Copy exactly, and only, the lines between the start of the entries below and the line containing "SYOSI 4 Designs", both inclusive. Omit pictures.

BEGIN Records to use

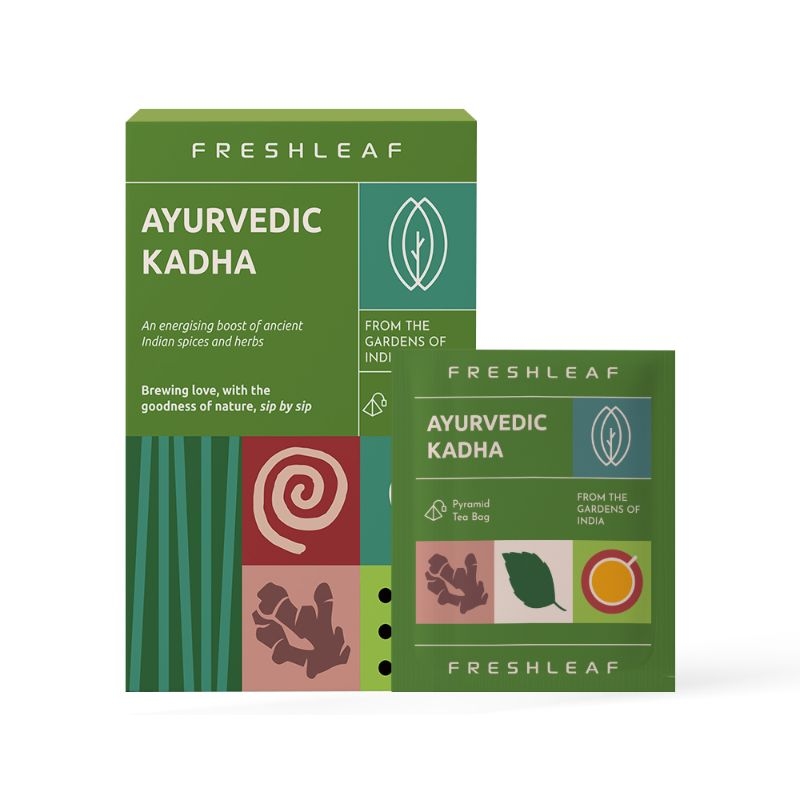 Orgenik: Ayurvedic Kadha/Kahwa Herbal Tea for Sore Throat Prevention and Boosting Immunity 20 Pyramid Tea Bags from brand Freshleaf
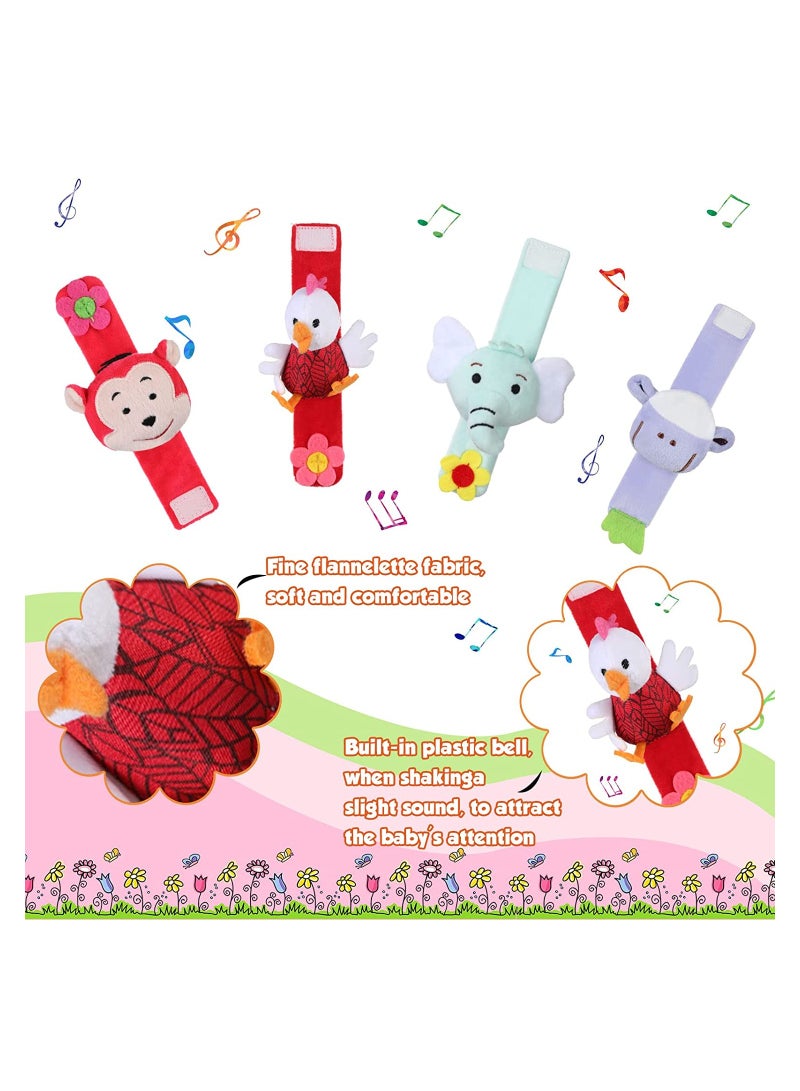 SYOSI 4 Designs Baby Soft Rattle Baby Infant Wrists Rattle and Foot Rattles Finders Socks Set Hand Arm Rattle Ring Feet Ankle Wear for Newborn Baby Boys & Girls - Image 2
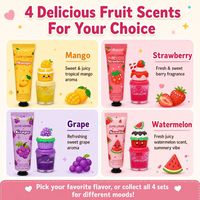 Ensemble 2-en-1 Crème Mains et Gloss Lèvres Parfumé aux Fruits – Nourrit et Répare les Mains pour Prévenir les Gerçures – Vente en Gros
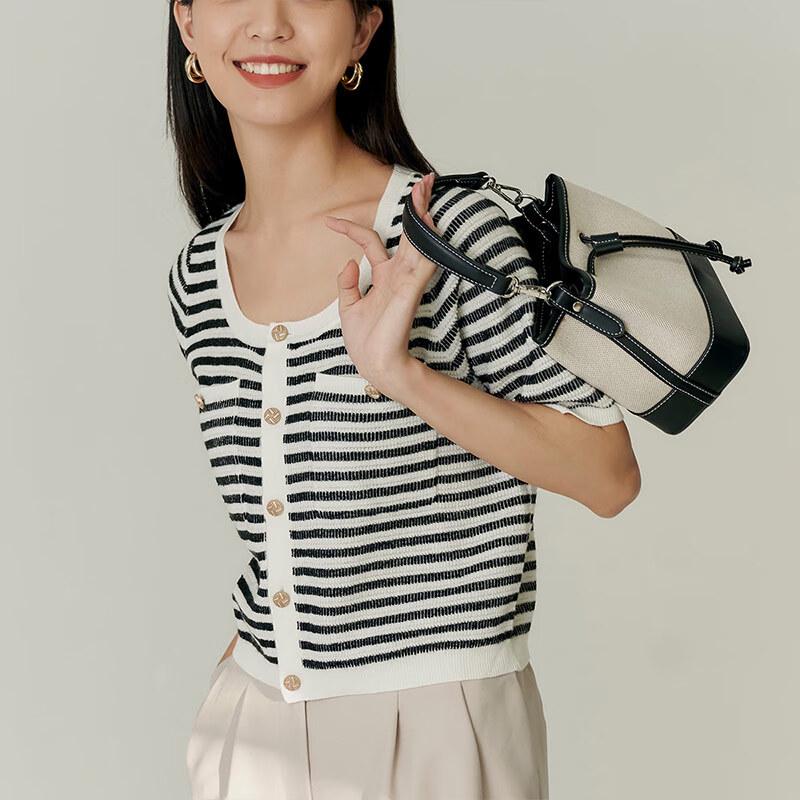 

Striped Knit Top with Metal Buckle S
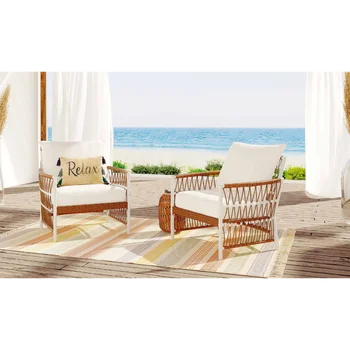 Better Homes & Gardens Lilah, 2 комплекта улично плетеного столове за почивка, бял
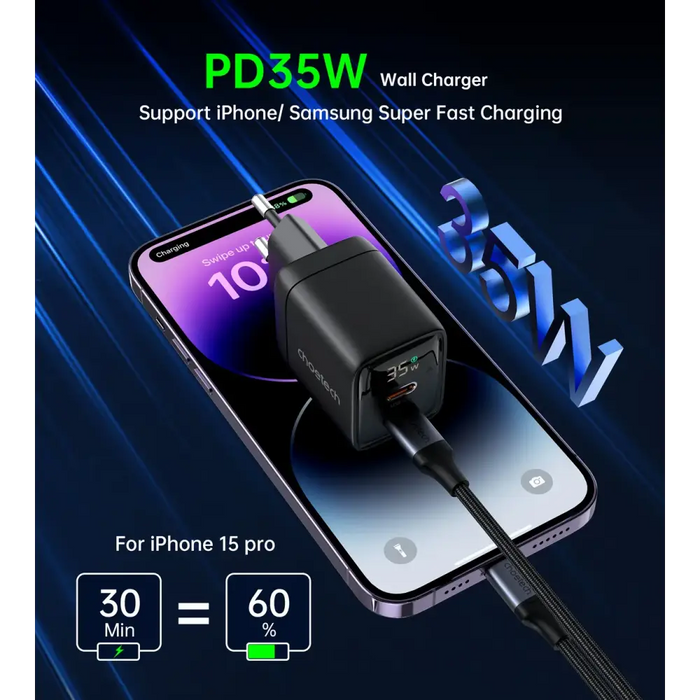 Choetech PD6051 USB-C USB-C PD 35W GaN wall charger with display - black - Cell phone USB charger<<<HurtelXML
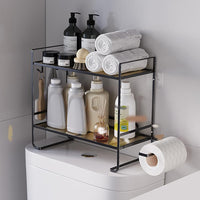 GARVEE Meuble de rangement pour toilettes avec 2 niveaux en métal, sans perçage, porte-rouleau de papier toilette pour salle de bain et douche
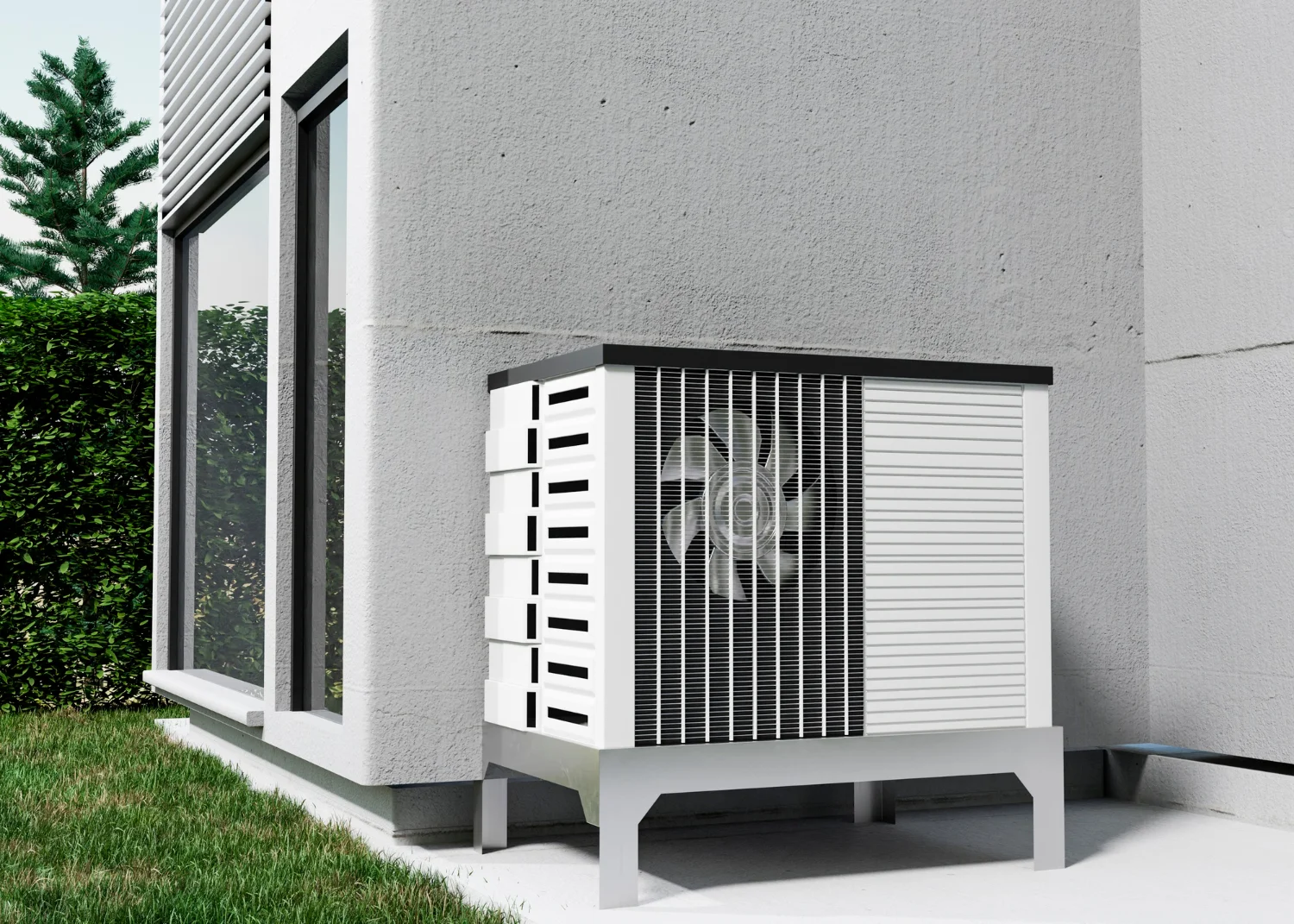 Modern external air conditioning unit on building wall.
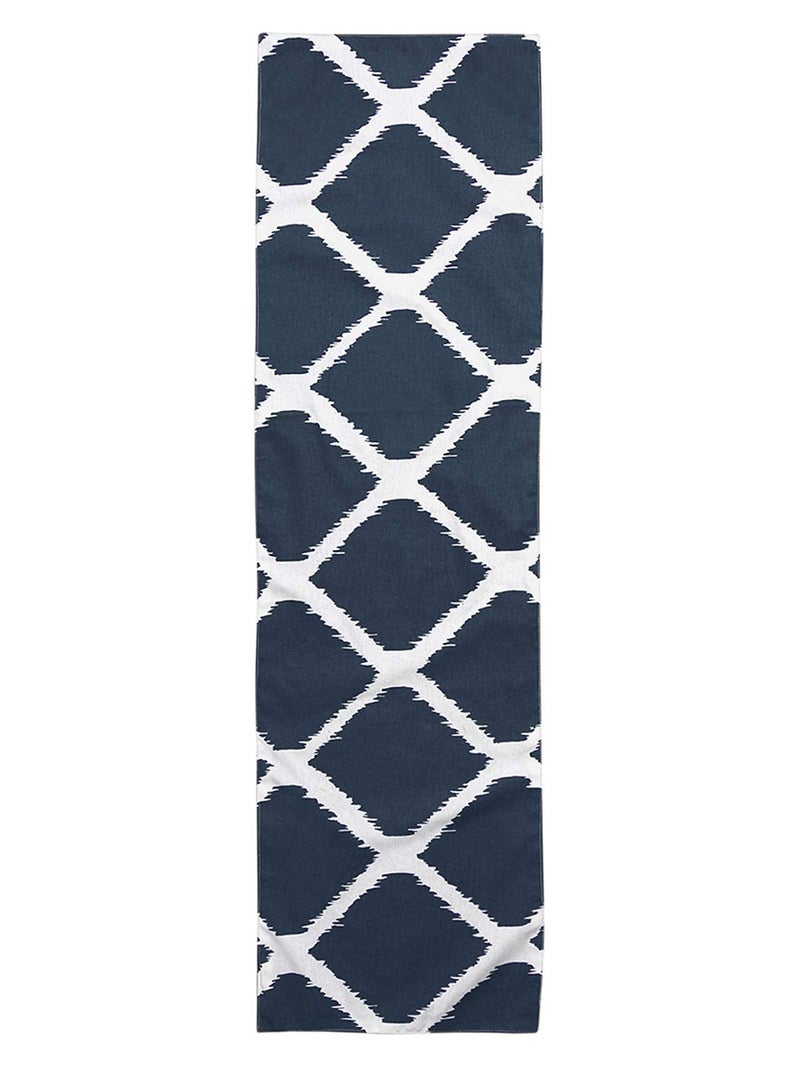 Dekor World Ekat Printed Blue Table Runner (33x240cm) (Pack of 1)-8 Seater Dinning & Center Table - Image 3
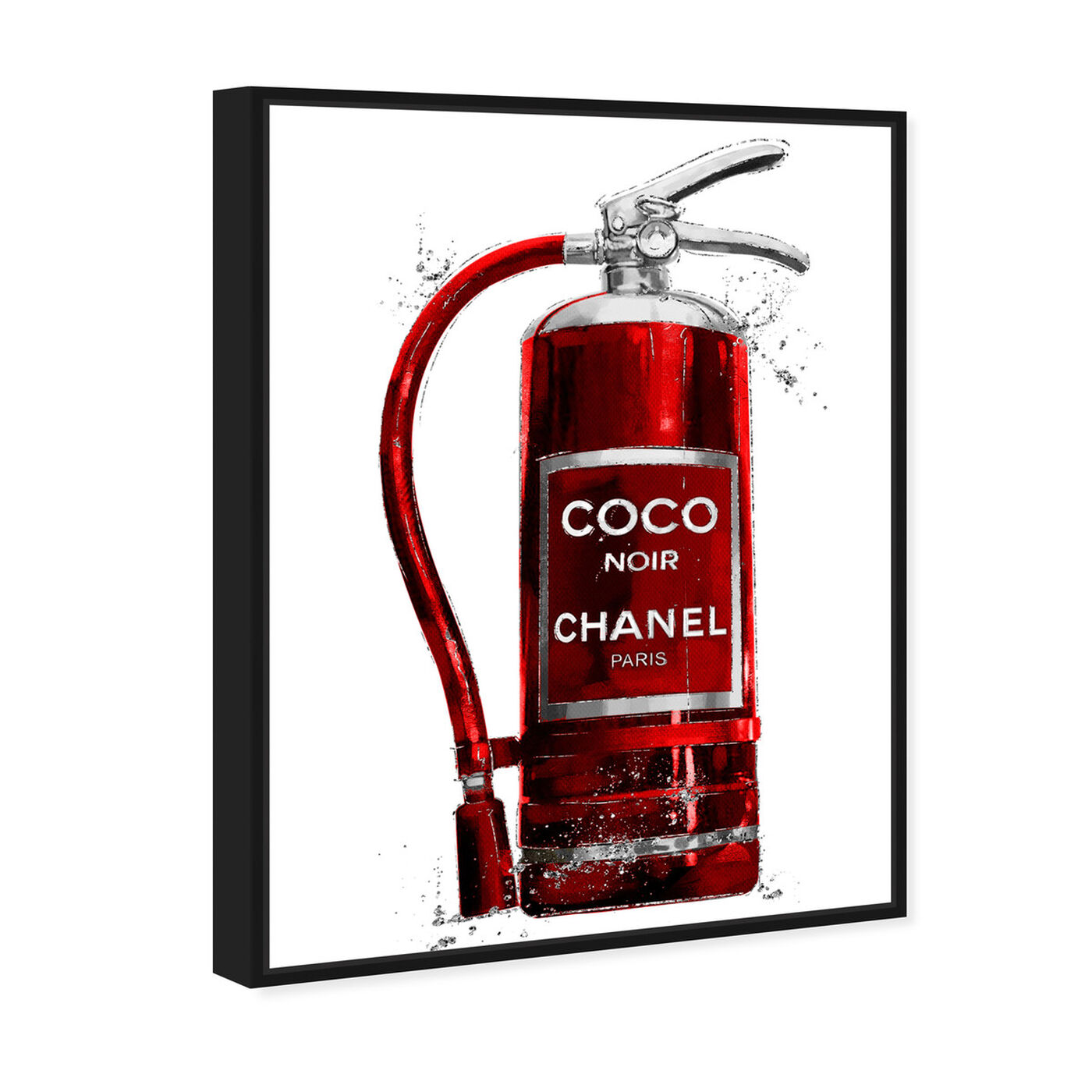 Angled view of Fashion Extinguisher Red featuring fashion and glam and perfumes art.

END Records to use

**Solution below**
 Orgenik: Ayurvedic Kadha/Kahwa Herbal Tea for Sore Throat Prevention and Boosting Immunity 20 Pyramid Tea Bags from brand Freshleaf
 SYOSI 4 Designs Baby Soft Rattle Baby Infant Wrists Rattle and Foot Rattles Finders Socks Set Hand Arm Rattle Ring Feet Ankle Wear for Newborn Baby Boys & Girls - Image 2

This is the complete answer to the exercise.